The “Dear Santa” parody letter from Donald Trump we received from Ed Ingle, managing director of Microsoft’s government affairs office, was a runaway winner. An excerpt:
You are a fraud. You are lazy. You are out of shape. And worst of all, you have very low energy. By the way, your elves are a bunch of small-minded idiots, and most of them are likely undocumented.
Don’t miss the whole “holiday greeting” here.
The Economist takes on the prevailing wisdom that everything is getting faster and “speed” is the defining quality of winning businesses. Pouring through the data, this superb article persuasively demonstrates that change is more glacial than we thought. Here is one of a dozen examples offered:
More creative destruction would seem to imply that firms are being created and destroyed at a greater rate. But the odds of a company dropping out of the S&P 500 index of big firms in any given year are about one in 20—as they have been, on average, for 50 years. About half of these exits are through takeovers.

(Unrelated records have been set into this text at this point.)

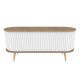 Meuble TV portes coulissantes Natera 140cm Chêne clair et Blanc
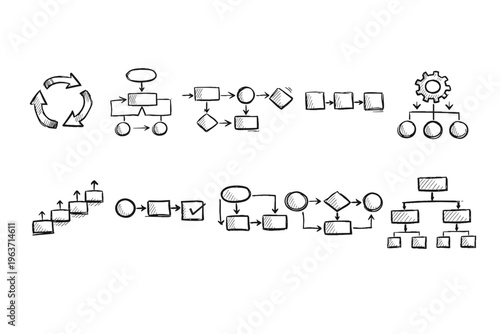 Collection of hand-drawn flowchart and diagram elements for business processes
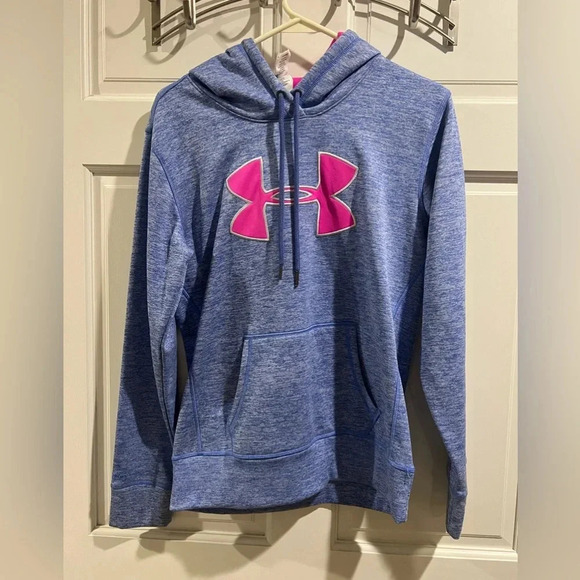 Under Armour Tops - Under Armour Front Logo Hoodie Lt. Blue w/ Pink Logo Size Small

For the economy as a whole the rates at which new firms are born are near their lowest since records began, with about 8% of firms less than a year old, compared with 13% three decades ago. Youngish firms, aged five years or less, are less important measured by their number and share of employment.
Lucy Kellaway rightfully bemoans the fad of “storytelling” that is apparently spreading to venues where it should be least welcome:
Even mathematicians and scientists are now urged to present their work as stories. Most preposterous of all, the craze has spread to auditors.
Kellaway puts her finger on the core problem: “The trouble with stories is that to have any effect they have to be good ones — and most people are rubbish at telling them.”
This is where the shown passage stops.